Author: Mark Setterfield
Publisher: Springer
Published: 2016-07-27
Total Pages: 286
ISBN-13: 1349273937
DOWNLOAD EBOOKThis volume collects original contributions and recent research in economic theory and the political economy of unemployment and inflation from a team of internationally renowned scholars. These essays, collected in honour of John Cornwall, demonstrate the importance of economic institutions for economic outcomes and share his focus on the need for high level economic theory to be socially relevant. The book includes an intellectual biography of the honouree by Geoff Harcourt and Mehdi Monadjemi and a full bibliography of his work.
Author: United States. Congress. Joint Economic Committee
Publisher:
Published: 1961
Total Pages: 112
ISBN-13:
DOWNLOAD EBOOKAuthor: United States. Congress.

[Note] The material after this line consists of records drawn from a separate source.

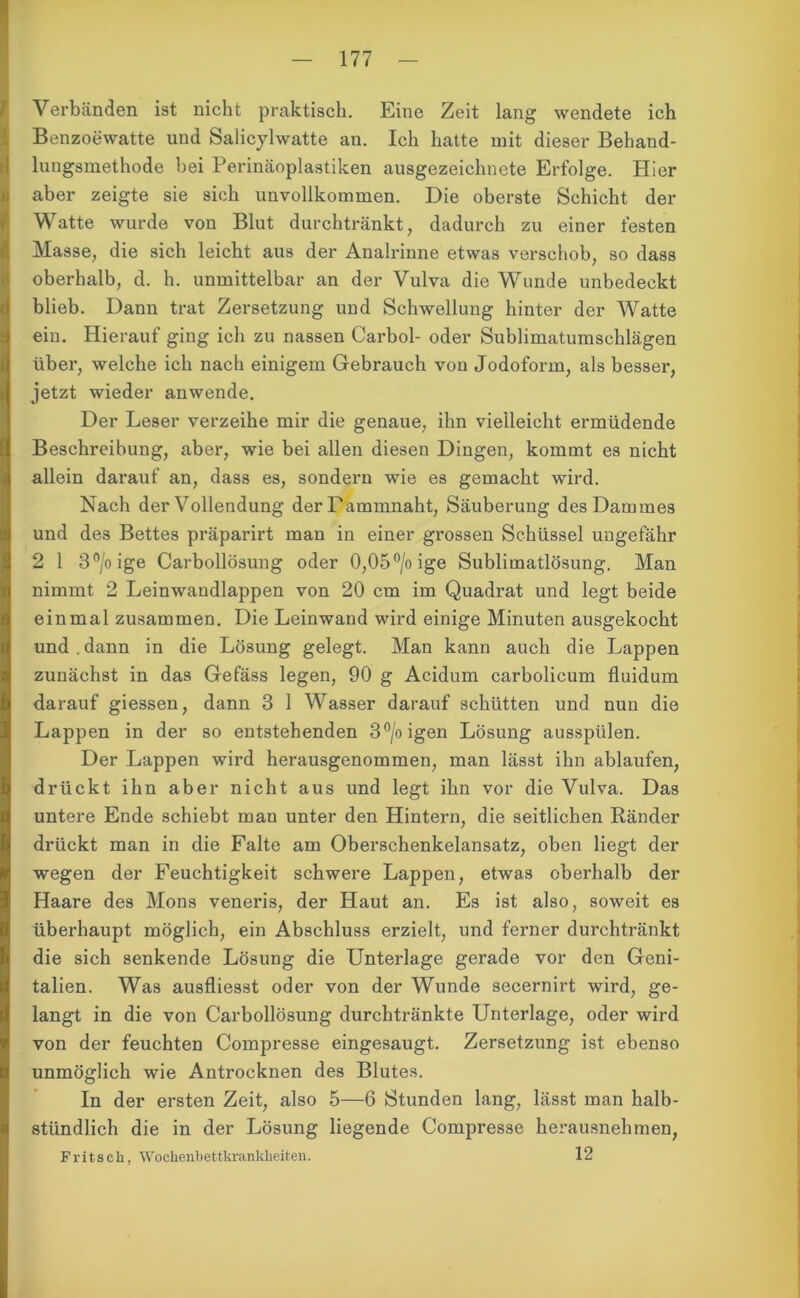 Verbänden ist nicht praktisch. Eine Zeit lang wendete ich Benzoewatte und Salicylwatte an. Ich hatte mit dieser Behand- lungsmethode hei Perinäoplastiken ausgezeichnete Erfolge. Hier aber zeigte sie sich unvollkommen. Die oberste Schicht der Watte wurde von Blut durchtränkt, dadurch zu einer festen Masse, die sich leicht aus der Analrinne etwas verschob, so dass oberhalb, d. h. unmittelbar an der Vulva die Wunde unbedeckt blieb. Dann trat Zersetzung und Schwellung hinter der Watte ein. Hierauf ging ich zu nassen Carbol- oder Sublimatumschlägen über, welche ich nach einigem Gebrauch von Jodoform, als besser, jetzt wieder anwende. Der Leser verzeihe mir die genaue, ihn vielleicht ermüdende Beschreibung, aber, wie bei allen diesen Dingen, kommt es nicht allein darauf an, dass es, sondern wie es gemacht wird. Nach der Vollendung der Dammnaht, Säuberung des Dammes und des Bettes präparirt mau in einer grossen Schüssel ungefähr 2 1 3°/oige Carbollösung oder 0,05°/oige Sublimatlösung. Man nimmt 2 Leinwaudlappen von 20 cm im Quadrat und legt beide einmal zusammen. Die Leinwand wird einige Minuten ausgekocht und . dann in die Lösung gelegt. Man kann auch die Lappen zunächst in das Gefäss legen, 90 g Acidum carbolicum fluidum darauf giessen, dann 3 1 Wasser darauf schütten und nun die Lappen in der so entstehenden 3°/oigen Lösung ausspülen. Der Lappen wird herausgenommen, man lässt ihn ablaufen, drückt ihn aber nicht aus und legt ihn vor die Vulva. Das untere Ende schiebt man unter den Hintern, die seitlichen Ränder drückt man in die Falte am Oberschenkelansatz, oben liegt der wegen der Feuchtigkeit schwere Lappen, etwas oberhalb der Haare des Mons veneris, der Haut an. Es ist also, soweit es überhaupt möglich, ein Abschluss erzielt, und ferner durchtränkt die sich senkende Lösung die Unterlage gerade vor den Geni- talien. Was ausfliesst oder von der Wunde secernirt wird, ge- langt in die von Carbollösung durchtränkte Unterlage, oder wird von der feuchten Compresse eingesaugt. Zersetzung ist ebenso unmöglich wie Antrocknen des Blutes. In der ersten Zeit, also 5—6 Stunden lang, lässt man halb- stündlich die in der Lösung liegende Compresse herausnehmen, Fritsch, Wochenbettkrankheiten. 12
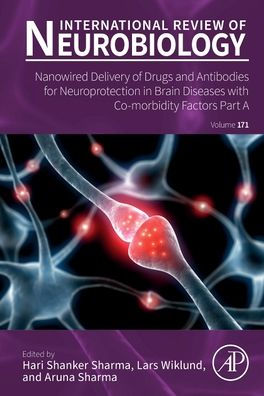 Nanowired Delivery of Drugs and Antibodies for Neuroprotection Brain Diseases with Co-morbidity Factors Part A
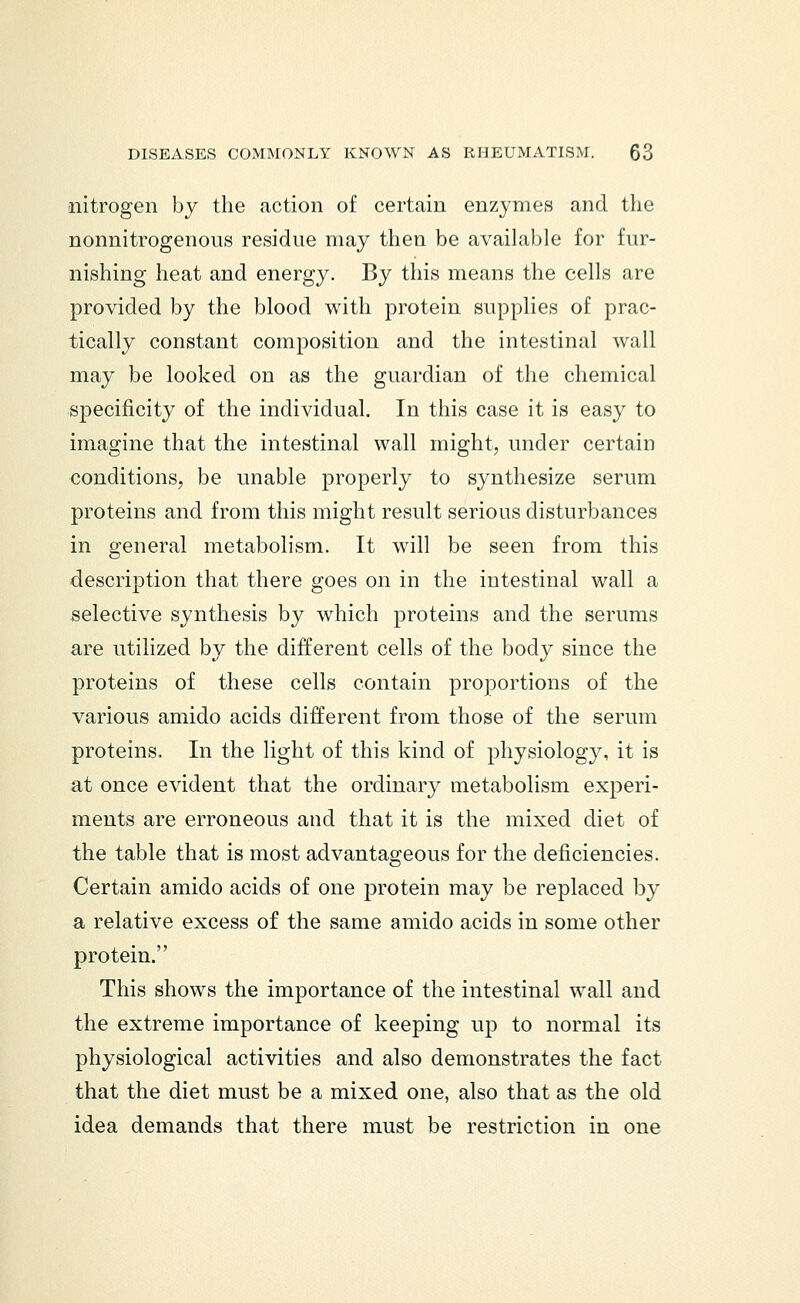 nitrogen by the action of certain enzymes and the nonnitrogenous residue may then be available for fur- nishing heat and energy. By this means the cells are provided by the blood with protein supplies of prac- tically constant composition and the intestinal wall may be looked on as the guardian of the chemical specificity of the individual. In this case it is easy to imagine that the intestinal wall might, under certain conditions, be unable properly to synthesize serum proteins and from this might result serious disturbances in general metabolism. It will be seen from this description that there goes on in the intestinal wall a selective synthesis by which proteins and the serums are utilized by the different cells of the body since the proteins of these cells contain proportions of the various amido acids different from those of the serum proteins. In the light of this kind of physiology, it is at once evident that the ordinary metabolism experi- ments are erroneous and that it is the mixed diet of the table that is most advantageous for the deficiencies. Certain amido acids of one protein may be replaced by a relative excess of the same amido acids in some other protein. This shows the importance of the intestinal wall and the extreme importance of keeping up to normal its physiological activities and also demonstrates the fact that the diet must be a mixed one, also that as the old idea demands that there must be restriction in one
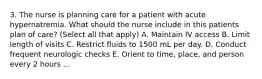 3. The nurse is planning care for a patient with acute hypernatremia. What should the nurse include in this patients plan of care? (Select all that apply) A. Maintain IV access B. Limit length of visits C. Restrict fluids to 1500 mL per day. D. Conduct frequent neurologic checks E. Orient to time, place, and person every 2 hours ...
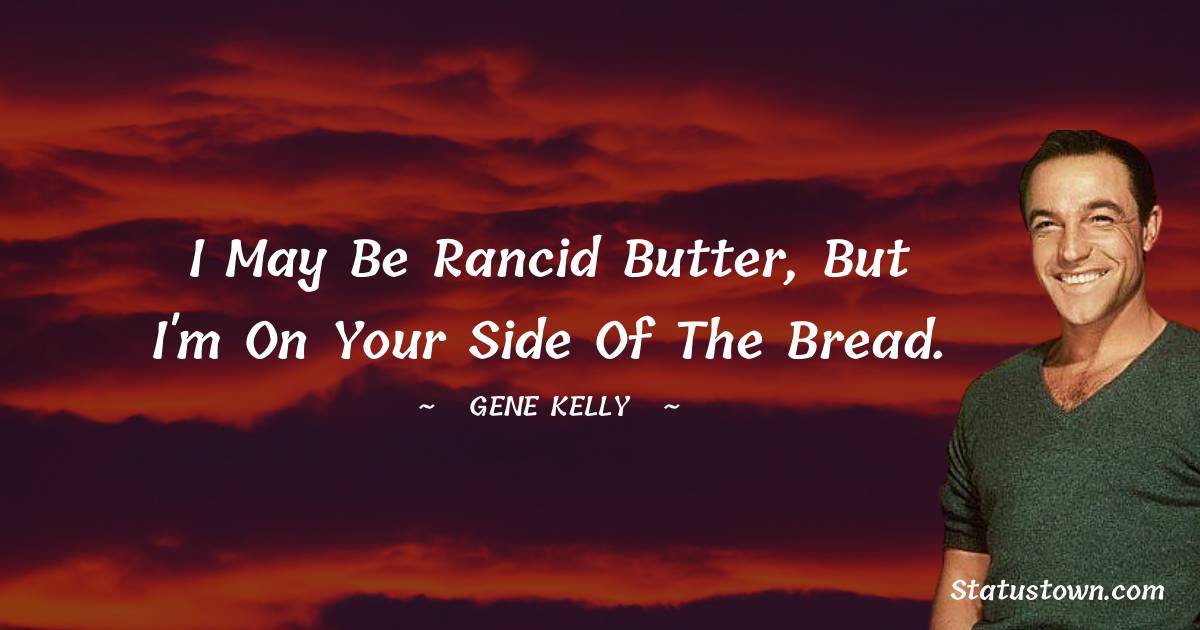 Gene Kelly Quotes - I may be rancid butter, but I'm on your side of the bread.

Joint Economic Committee
Publisher:
Published: 1959
Total Pages: 1778
ISBN-13:
DOWNLOAD EBOOKExplores the possibility of combining three economically desirable goals: an adequate rate of economic growth, substantially full employment or maximum employment, and substantial price stability.
Author: Leon Hirsch Keyserling
Publisher:
Published: 1983
Total Pages: 96
ISBN-13:
DOWNLOAD EBOOKReport on full employment, economic growth and low inflation to be achieved under economic legislation (Humphrey-Hawkins Act) in the USA - describes the long term economic planning required to overcome cyclical unemployment and economic recession, and the impact of economic policy; includes recommendations for the national budget, monetary policy, incomes policy, etc. Charts and graphs.